One small teacher's manual presents the how's and why's of the program. It provides an overview and philosophy of the program, sample lesson plans for a typical week, and instructions for teaching each component of the program. The appendix contains a writing helps section and a summary of basic spelling rules. Also included here are answers to common questions about the Total Language Plus program. The program requires minimal teacher involvement as students work through most of the material on their own. While some work is done on separate paper, most exercises are worked directly in the student worktext, which is not reproducible. The only condition under which copying is allowed is when teaching multiple students simultaneously out of the same study guide.

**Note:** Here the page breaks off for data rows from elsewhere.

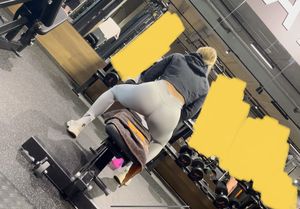 Juicy asses at the gym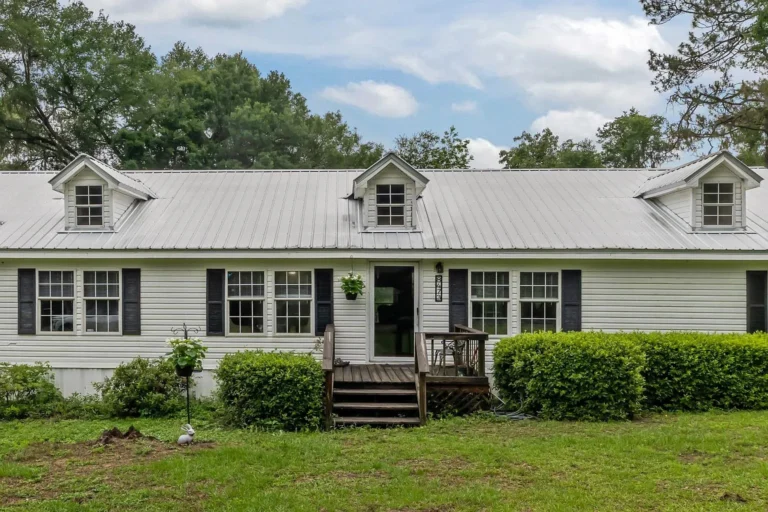 Spacious 4-Bedroom Home on Over Half an Acre in Tallahassee, Florida: A Property Full of Potential Listed for $155,000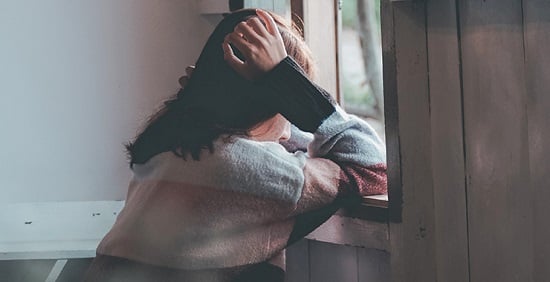 فتاة تجلس وحدها فتاة تجلس وحدها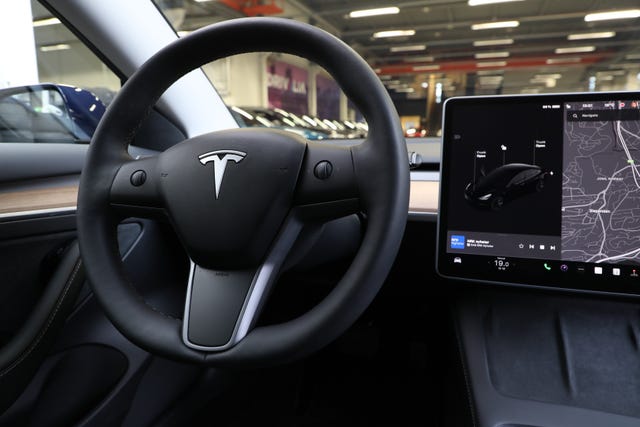 2022 TESLA MODEL 3 - 14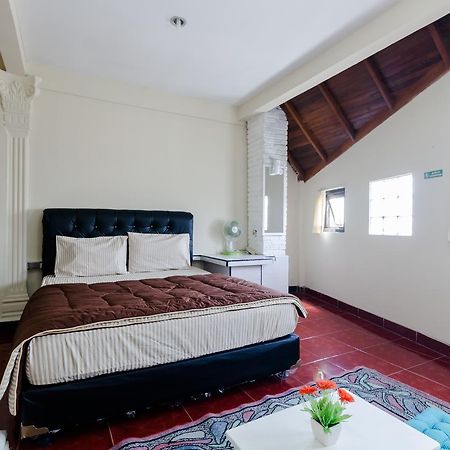 Pele Guesthouse Bandung Buitenkant foto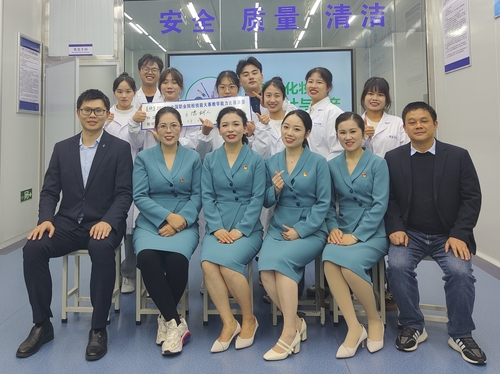 技精于勤，榮光綻放——我校在2021年全國職業院校技能大賽教學能力比賽中榮獲化妝品技術開發二等獎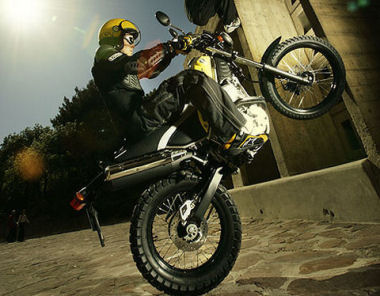 YAMAHA 250 TRICKER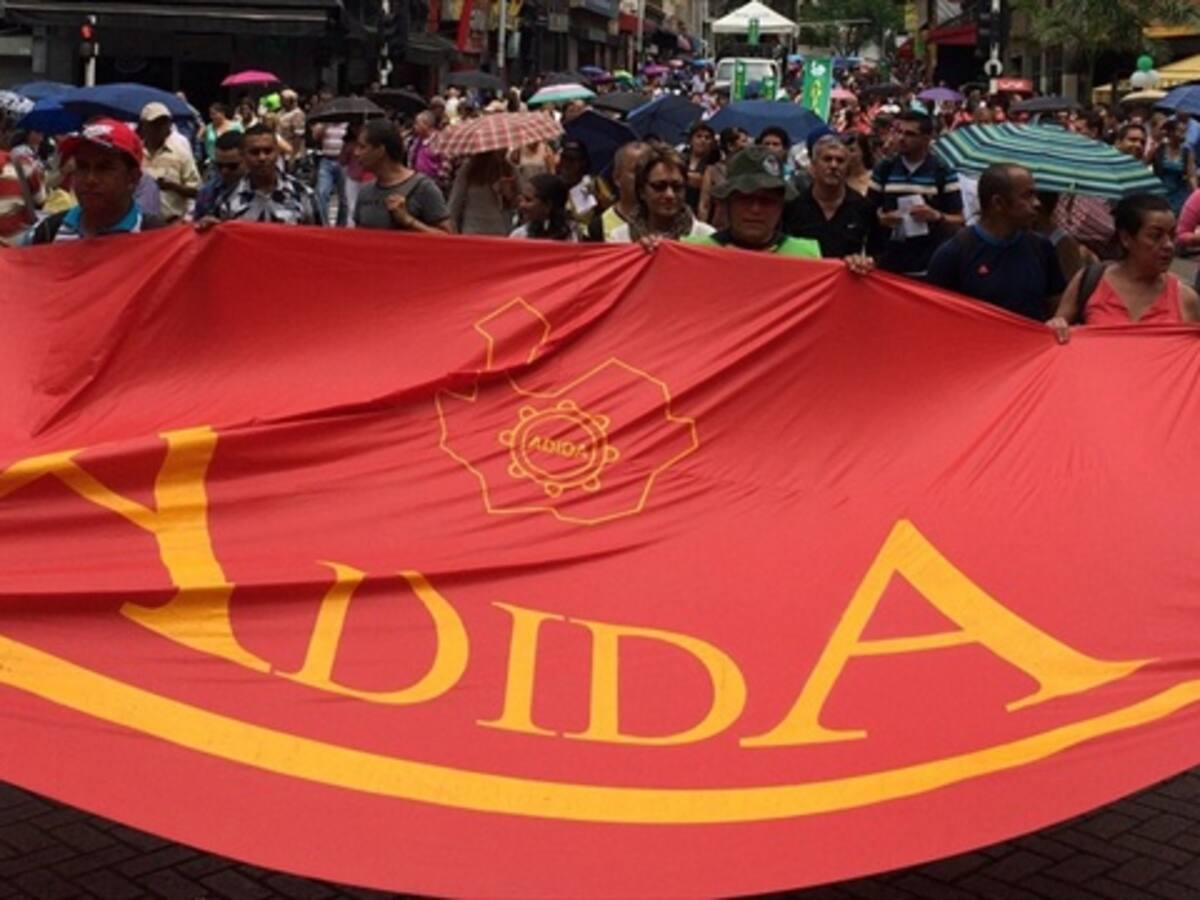 Maestros de Antioquia marcharon a favor del paro y contra Santos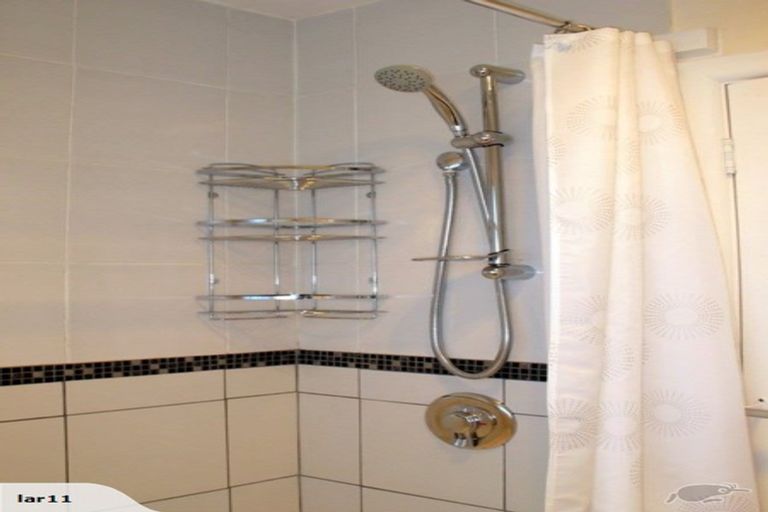 Photo of property in 3a Farnham Place, Ilam, Christchurch, 8041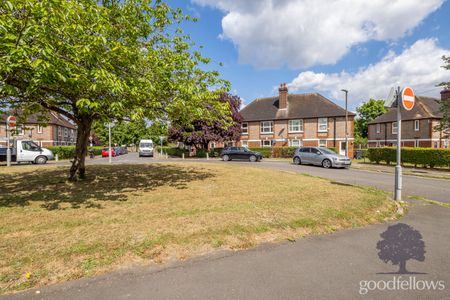 Hatfeild Mead, Morden, SM4 - Photo 5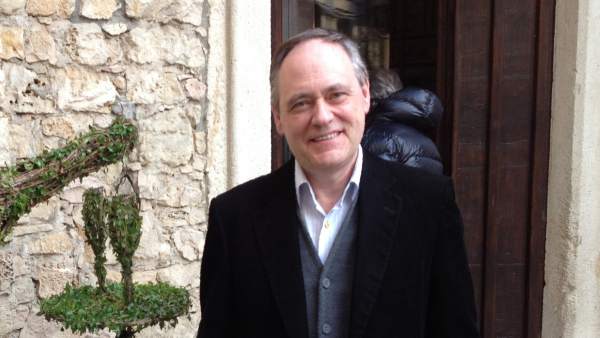 Antoni Ferrando analitza i reivindica la tasca de Pompeu Fabra, Moll i Sanchis Guarner en el seu nou llibre Antoni Ferrando analitza i reivindica la tasca de Pompeu Fabra, Moll i Sanchis Guarner en el seu nou llibre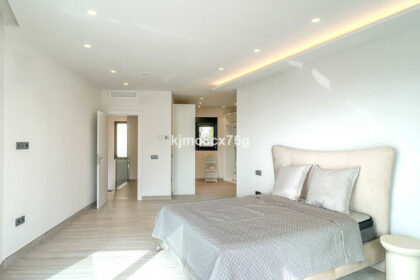 d31c3667a61dd32d4d3bb7002940a8b2 - 40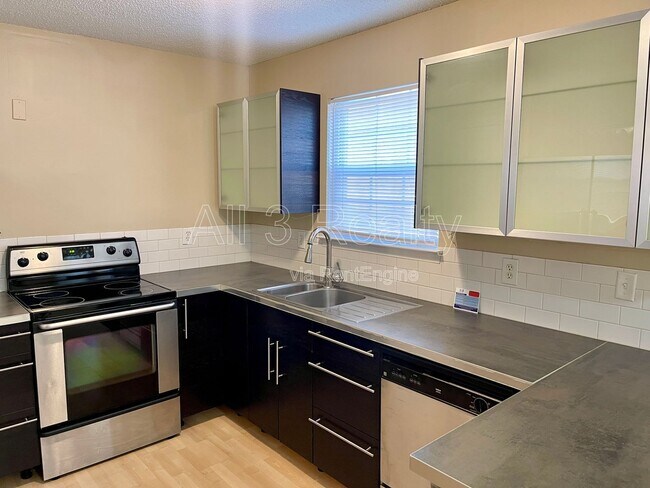 Building Photo - 118 Prity Ct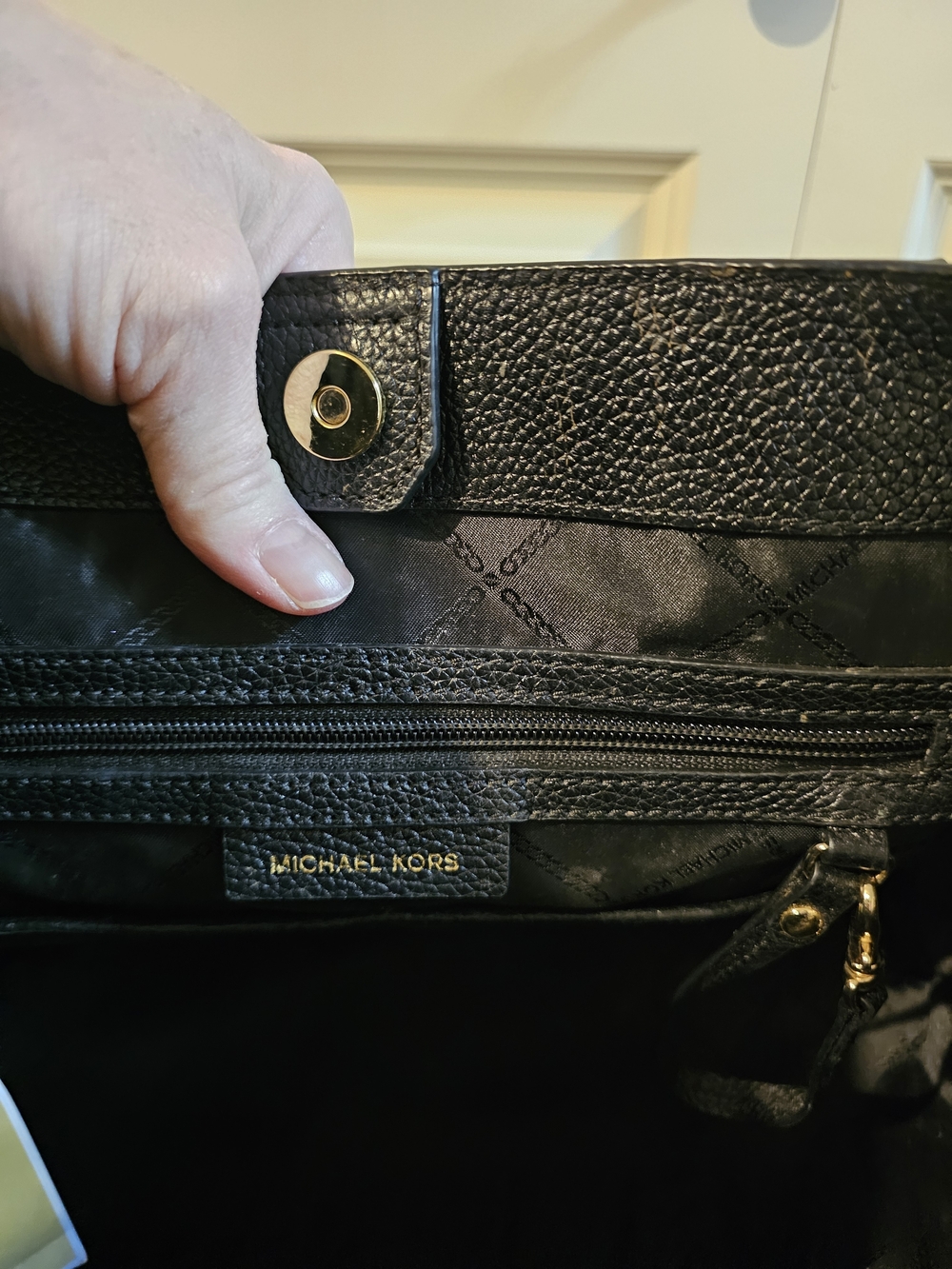 Michael Kors Black Pebbled Leather Tote with Gold MK Charm NWT - Picture 9 of 9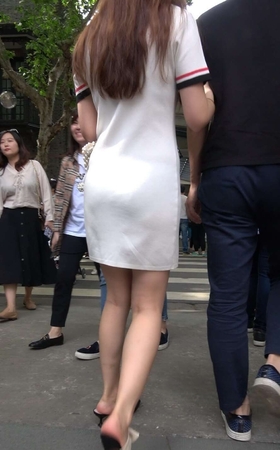 4K – 短裙漂亮女友 [0.99 GB/MP4]
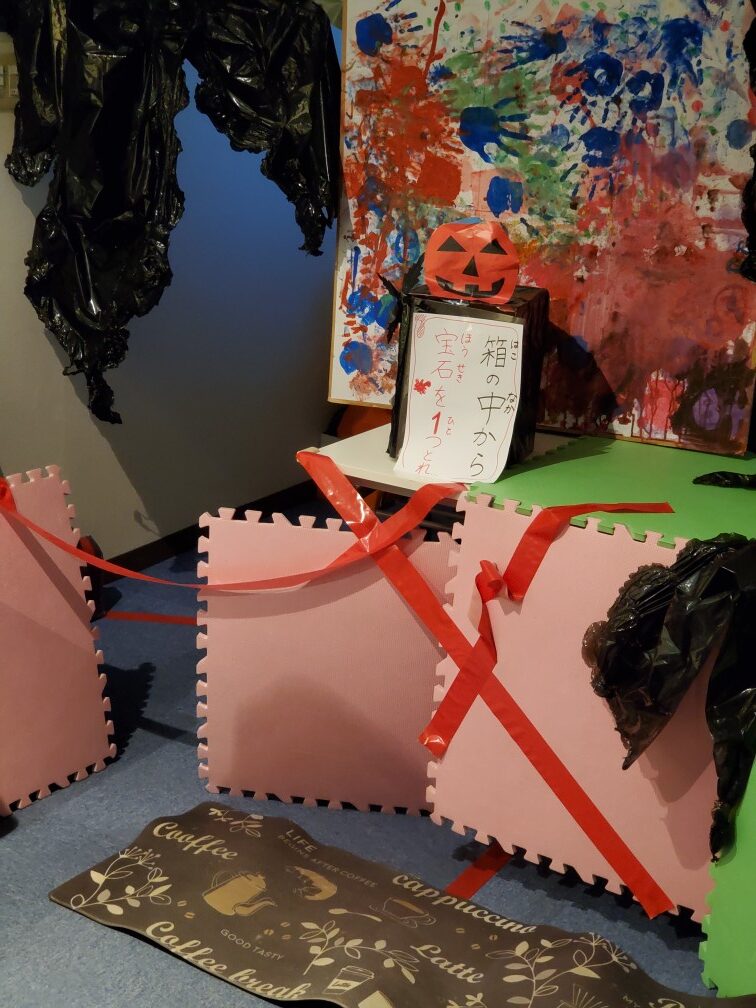 おばけ屋敷を作って遊びました! 発達に課題のあるお子さまの通所支援|ハッピーテラス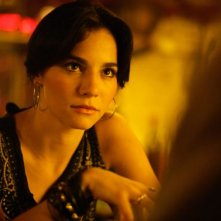 Martha Higareda in una scena del film Borderland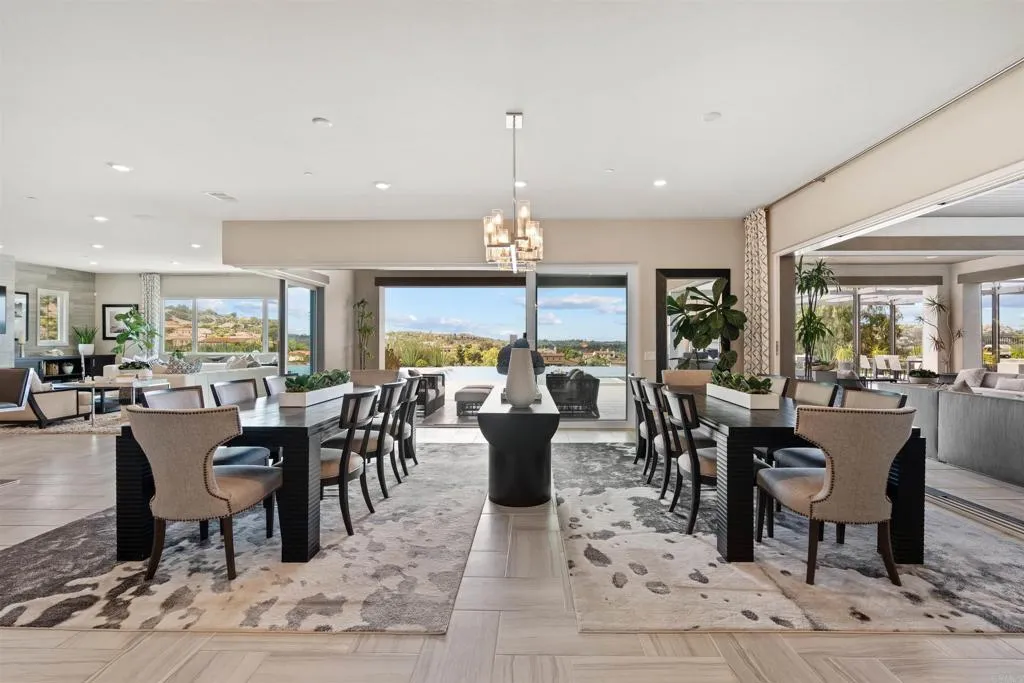 https://cdn.realtyfeed.com/cdn/127/306569400/f542474bb495d0d939fc4579a80664f4.webp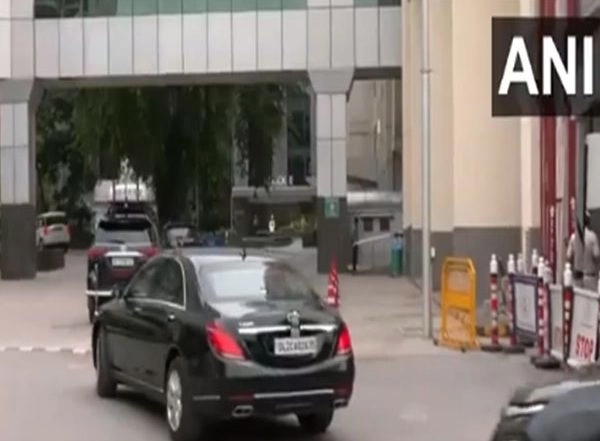 India News | Jharkhand Former CM Shibu Soren's Demise: President Murmu Visits Sir Ganga Ram Hospital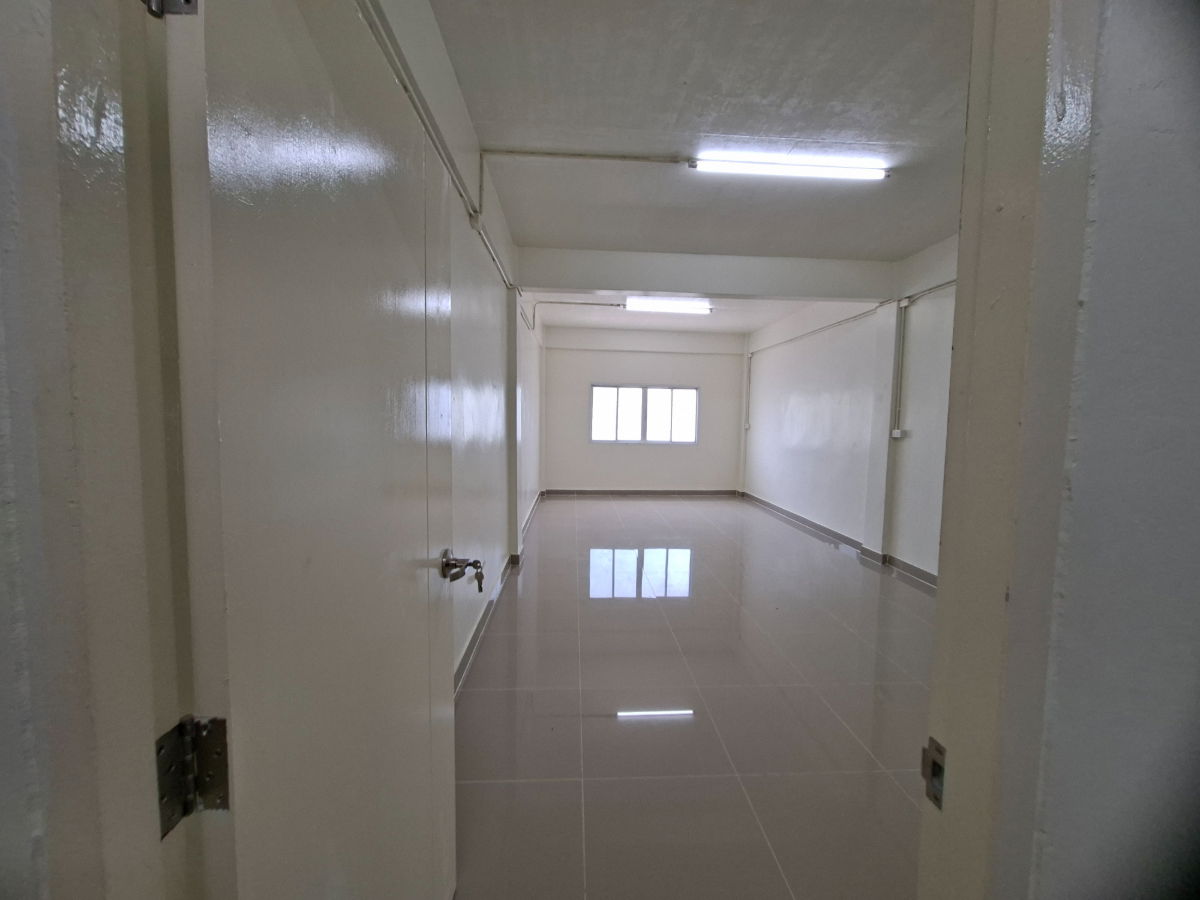 รูป ขาย ตึกเเถว 4 ชั้นครึ่ง 16 ตร.ว. ทำเลเจริญกรุง ซ.เจริญกรุง 107 - รูปที่ 10/20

The beginning of each book contains a variety of critical thinking activities, correlated to chapters in the novels, which include projects, drawing, writing assignments, and a puzzle. Some of the writing assignments require research or lengthier essays, while "Personally Thinking" questions require shorter written answers to questions that apply concepts in the story to the student's life or require the student to think and make judgments about story events and characters. These activities can be used at any time during the unit at your discretion, but you will probably want to use several of the shorter writing assignments per week if you want to include composition skills in the program.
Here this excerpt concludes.